> Task brief:
Begin the copy at the line containing "This is product" in the data below and end it at the line containing "They also gave", keeping each line exact and leaving out pictures.

> Supplied records:
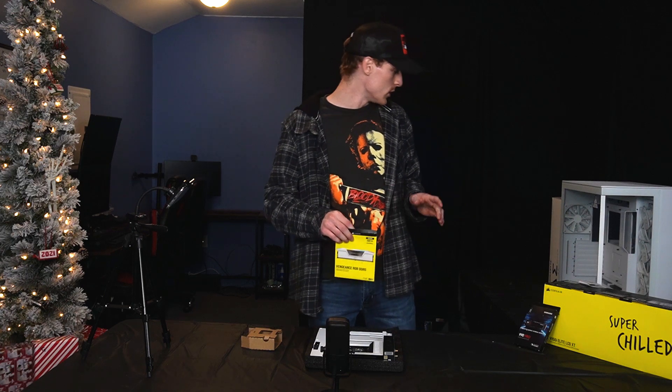My RAM goes in slots two and four, which is what most builds use. Let's make sure we're putting these in correctly. I have very shaky hands, so I'm sure this is making a lot of you nervous. There we go — first one in. Let's get the second one on. Those really take some force, and it's really intimidating pressing both clips at the same time.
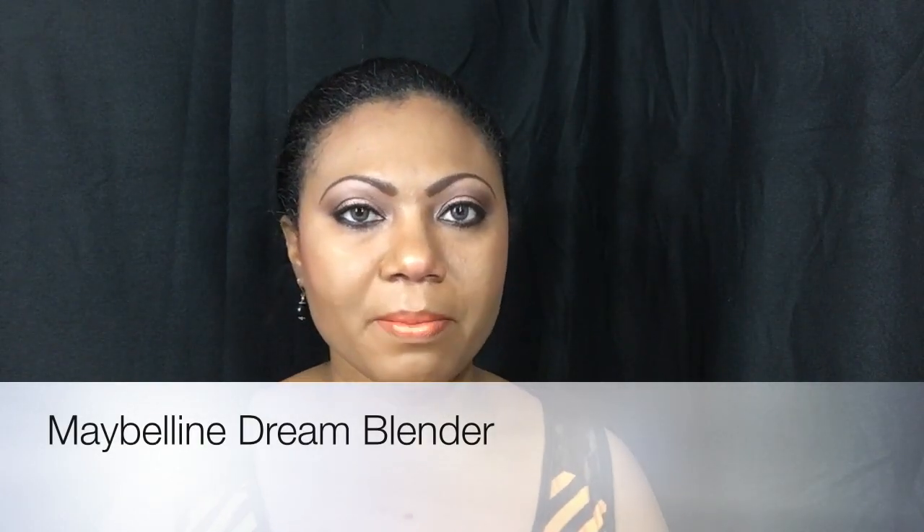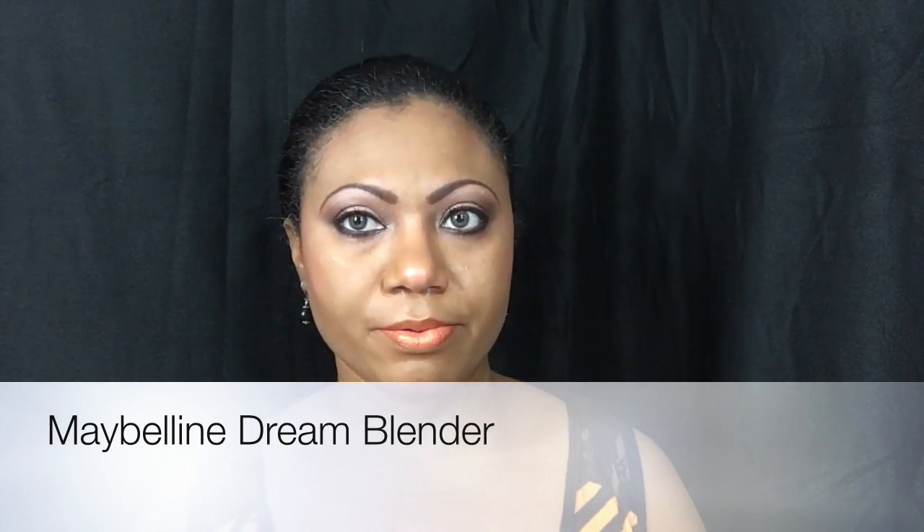Hi guys, this is Colette. Welcome back to my channel. Now I am here to do a quick review for you — hopefully I'll keep it quick.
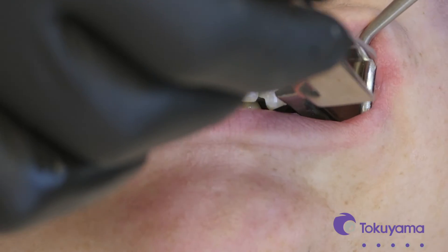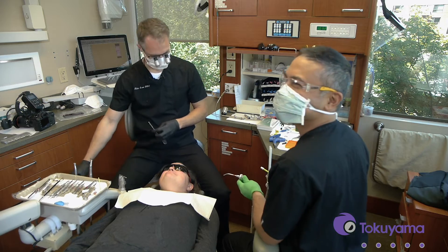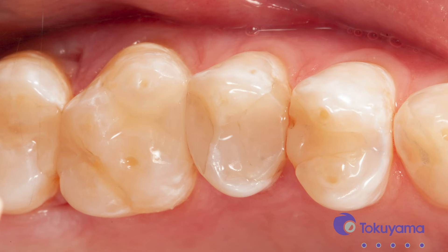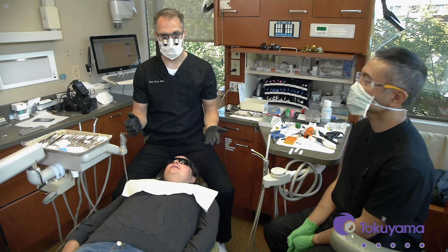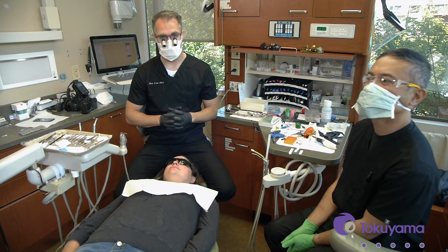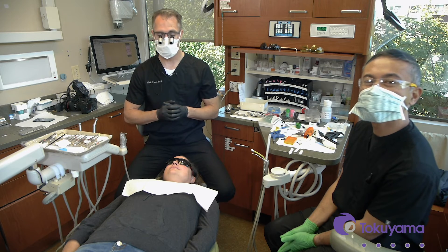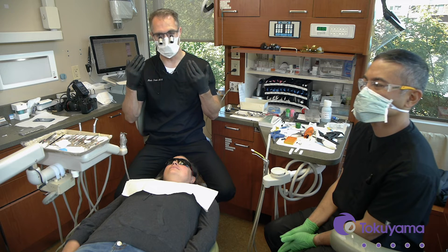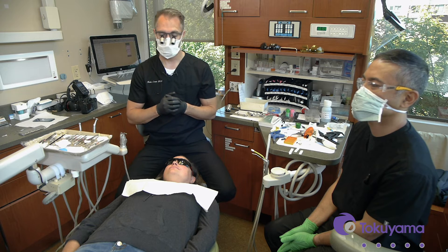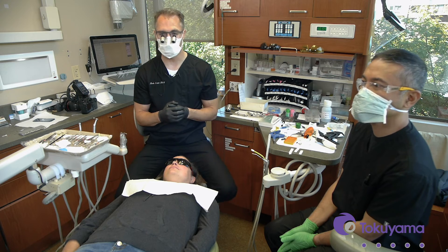Bite down, grind a little bit. The occlusion looks good. We put in just a little bit of anatomy to finish it off, but even if you don't put the anatomy in it still blends in perfectly. The teeth are a little dehydrated, so once things get fully rehydrated it's going to be a seamless blend. It's a great restoration, especially when you get up onto the premolars where you have a little bit of an interproximal box that's going to be visible in the smile. Those composites can darken over time, especially if the patient decides to whiten their teeth. This is a great composite because it blends in with the tooth — as the teeth whiten or darken, this composite is getting its color from the tooth itself, so it's going to change with it and always be a spot-on color match.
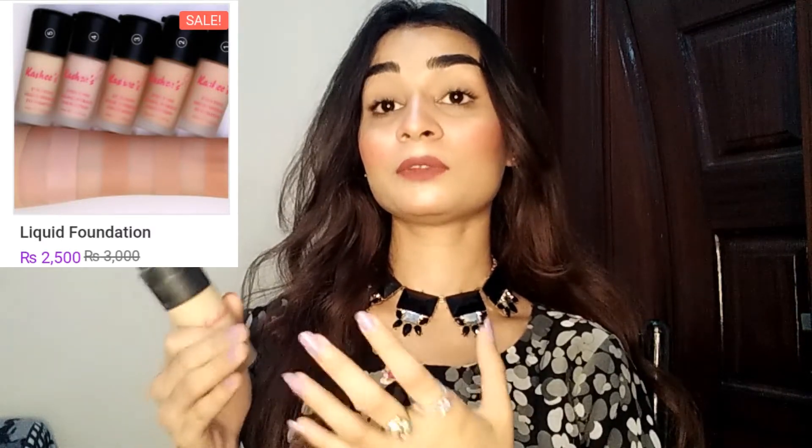Now let's talk about the price. When it was newly launched, the price was 2500 and after discount it was 2000. Now the price has increased — the original price is 3000 and after discount it is 2500, so it increased by 500.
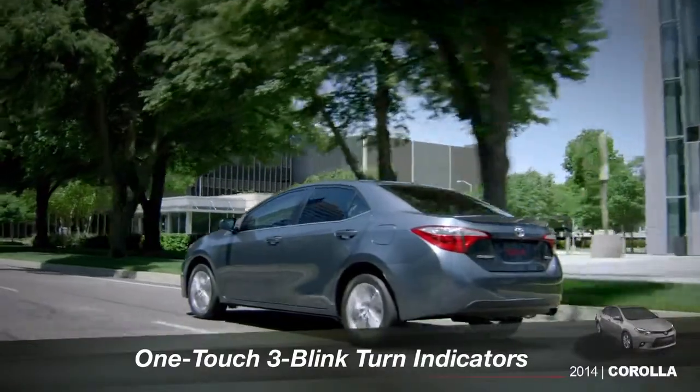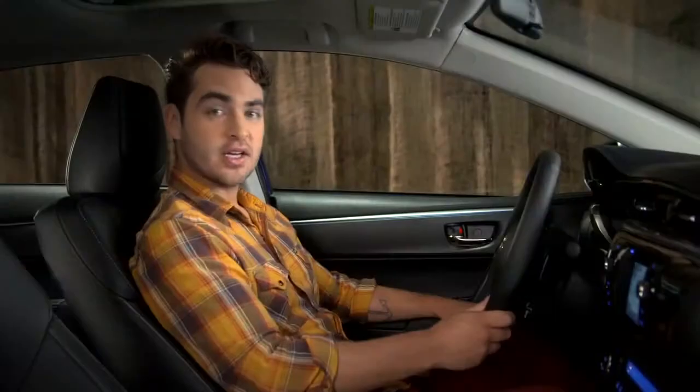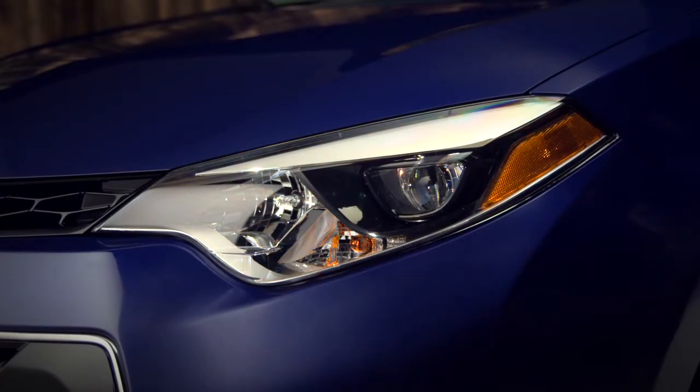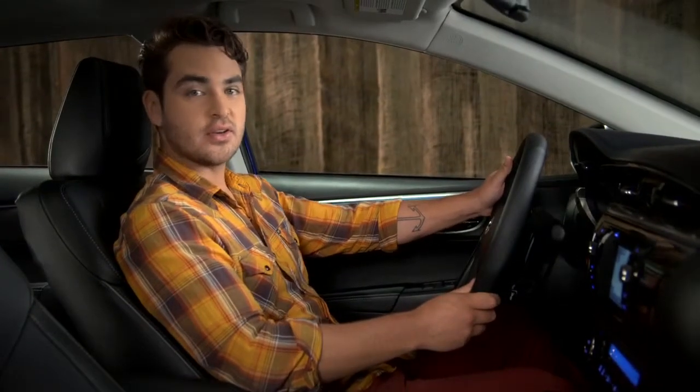Corolla's one-touch, three-blink turn indicators make changing lanes easier. To signal a lane change, lightly lift up or press down on the turn signal stalk. When you release it, the stalk returns to center and the turn signals flash just three times. That's the default. You can have that changed to five or seven by your Toyota dealer.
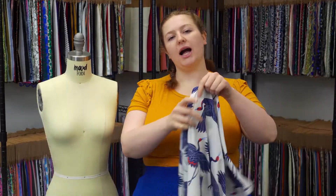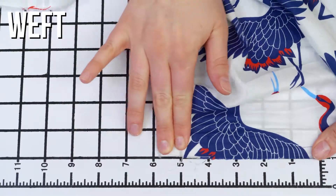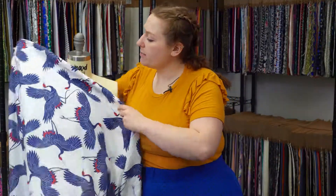This is product number 119808, Moon's Navy Red and White Crane Printed Cotton Voile. This product has a soft, gossamer hand. It doesn't have any stretch and it is totally sheer. This product has a springy, limber drape, and I love these cranes.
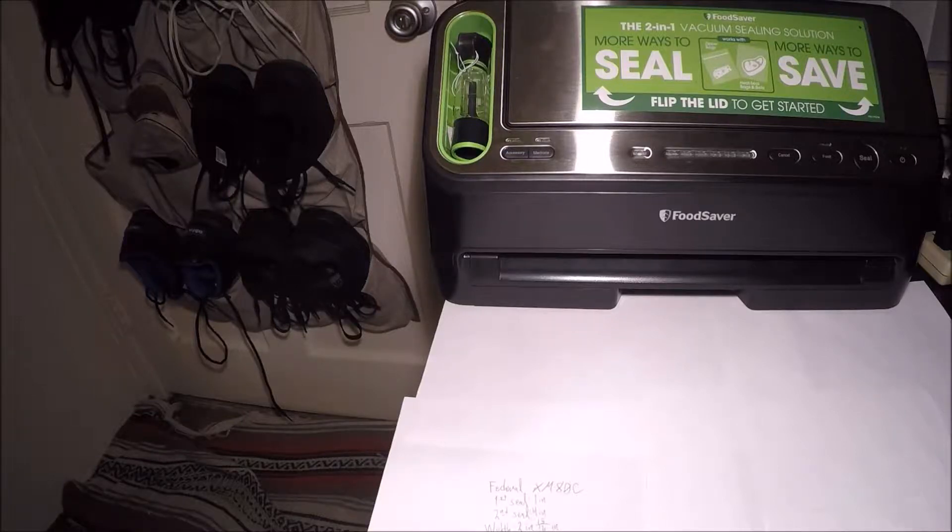I have come here to chew bubblegum and vacuum seal ammo, and I'm all out of bubblegum.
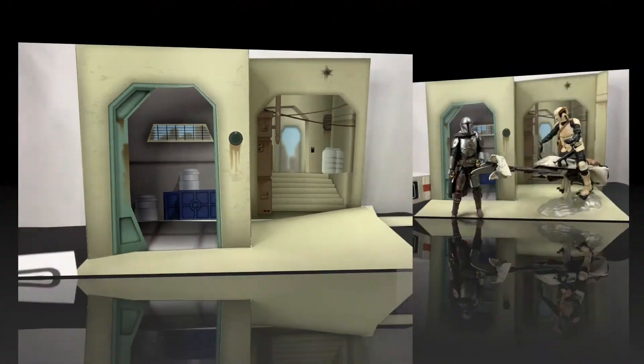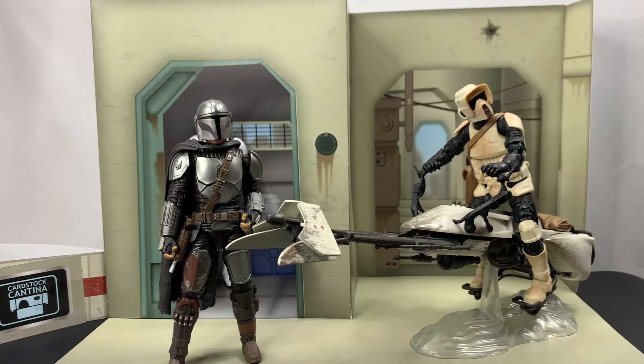All right, so actually that was really easy to put together. What you saw in that quick little montage there was basically me getting everything understood as far as how all the tabs worked. I went ahead and used some tape for right now just to put everything in place — I'll probably end up using glue when everything is said and done. But here you go. You can kind of see the scale of this — it's perfect for the 6-inch Black Series figures or 1/12th scale. Everything fits nicely.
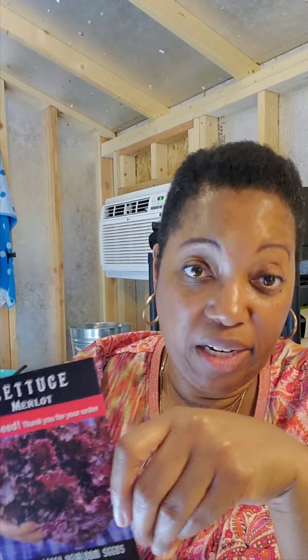They also gave me a free pack of seeds — a merlot red lettuce. I don't like merlot lettuce, but if times become hard I bet I'll plant these and eat it.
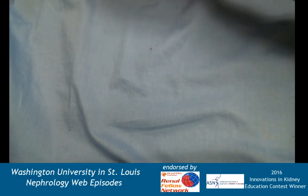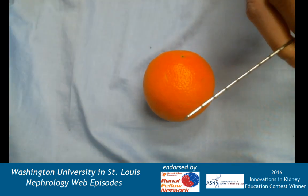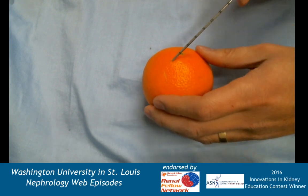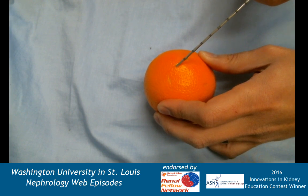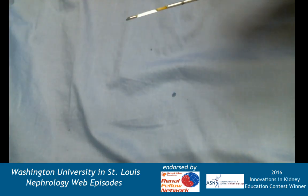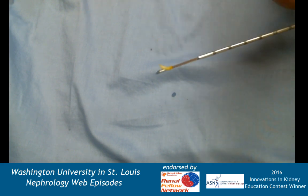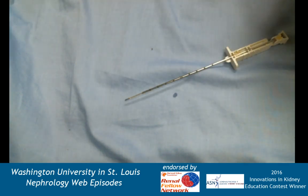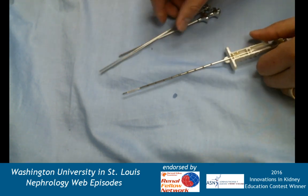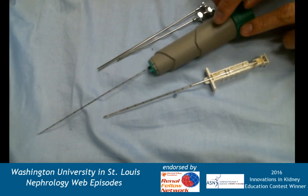Now with the manual needle: I pull the sheath back first, enter the kidney, push forward, and then pull back the outer sheath — you can see the piece of kidney inside. That's the hands-on demonstration of the kidney biopsy and how we've evolved from the Franklin modified Vim-Silverman needle of Kark and Murky, to the non-spring-loaded version, to now the modern kidney biopsy gun.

> Solution for this task:
This is product number 119808, Moon's Navy Red and White Crane Printed Cotton Voile. This product has a soft, gossamer hand. It doesn't have any stretch and it is totally sheer. This product has a springy, limber drape, and I love these cranes.
I have come here to chew bubblegum and vacuum seal ammo, and I'm all out of bubblegum.
All right, so actually that was really easy to put together. What you saw in that quick little montage there was basically me getting everything understood as far as how all the tabs worked. I went ahead and used some tape for right now just to put everything in place — I'll probably end up using glue when everything is said and done. But here you go. You can kind of see the scale of this — it's perfect for the 6-inch Black Series figures or 1/12th scale. Everything fits nicely.
They also gave me a free pack of seeds — a merlot red lettuce. I don't like merlot lettuce, but if times become hard I bet I'll plant these and eat it.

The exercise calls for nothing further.